In the way you’d expect of a turnbased JRPG, each fight pits my party of four (which I can change as I recruit new companions) against a few enemies on the opposite side of the screen. But rather than taking clearly defined turns, I can spend a character’s energy as soon as it’s available. Some of my characters regenerate more quickly than others, allowing me to throw out several attacks before an enemy responds.
I can even attack with all my characters simultaneously if I’m dextrous enough: each controller button launches one of the four characters’ attacks, which can be modified with the analog stick to perform different moves. But when an enemy launches a move, the floor is theirs and the button I normally use for each character’s attack becomes their guard button.

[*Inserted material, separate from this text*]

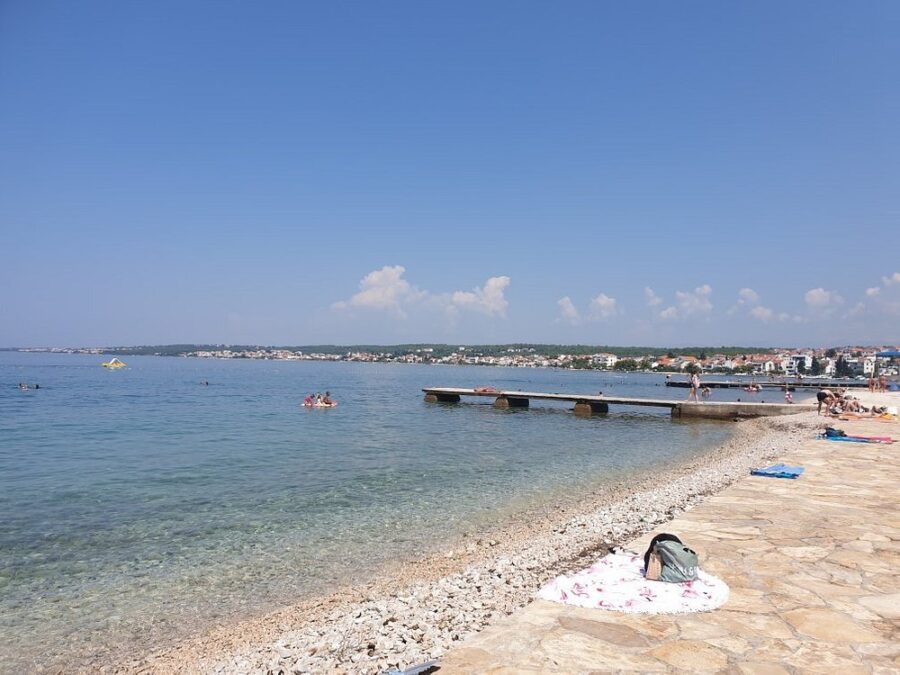 Borik Beach, Croatia, bustling with people enjoying swimming and sunbathing under the bright sun.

Although it builds in real time, each character’s consistent energy regeneration speed means that most fights do settle into a rhythm that feels like I’m swapping turns. The difference is that I can’t mull over moves endlessly: I’m constantly planning my next set of attacks, or preparing to block. I never fail anything less than a boss fight, but the dexterity and active decisionmaking the fights ask of me, along with the sleek 2D animations, make each beat-down feel like a fun fxlxexx on my enemies.
The boss fights tend to be lengthy encounters with screen-filling health bars that only slightly outlast my patience for proving my mastery of their requirements. They’re cumulative exams, testing the abilities and knowledge I’ve gained in the area leading up to them. Some enemies are healed by elemental damage instead of damaged by it. Others need to have their defence broken before they take any proper damage. Others require careful management of my Iddhi bar, which is spent to execute powerful special moves.
Some bosses feature interludes which require clever use of my out-of-combat skills, though others fall back on platforming sections mid-battle that, if failed, will mean restarting a lengthy fight from the very beginning. While Lab Zero has created a fighting system that’s worth learning, Indivisible’s platforming and storytelling aren’t as successful.
WALL OVER
Outside of the numerous combat encounters, protagonist Ajna navigates a metroidvania-style cross section of the world with the help of a few tools, such as an axe that allows her to grab a wall and gain a second upward jump. With a slight input delay, the platforming sections are less about precise execution and more about matching the proper peg (my axe or spear or bow) with the correct hole (high walls or far targets).
Although Indivisible may not be my flavour of story or platforming, its combat is a successful experiment conducted by a studio that’s mastered combo-based combat. Its sleek 2D animations, easily chained attacks, and versatile cast of characters all make me feel like a powerhouse, even though I’d fare much worse in the competitive fighting games the system was derived from.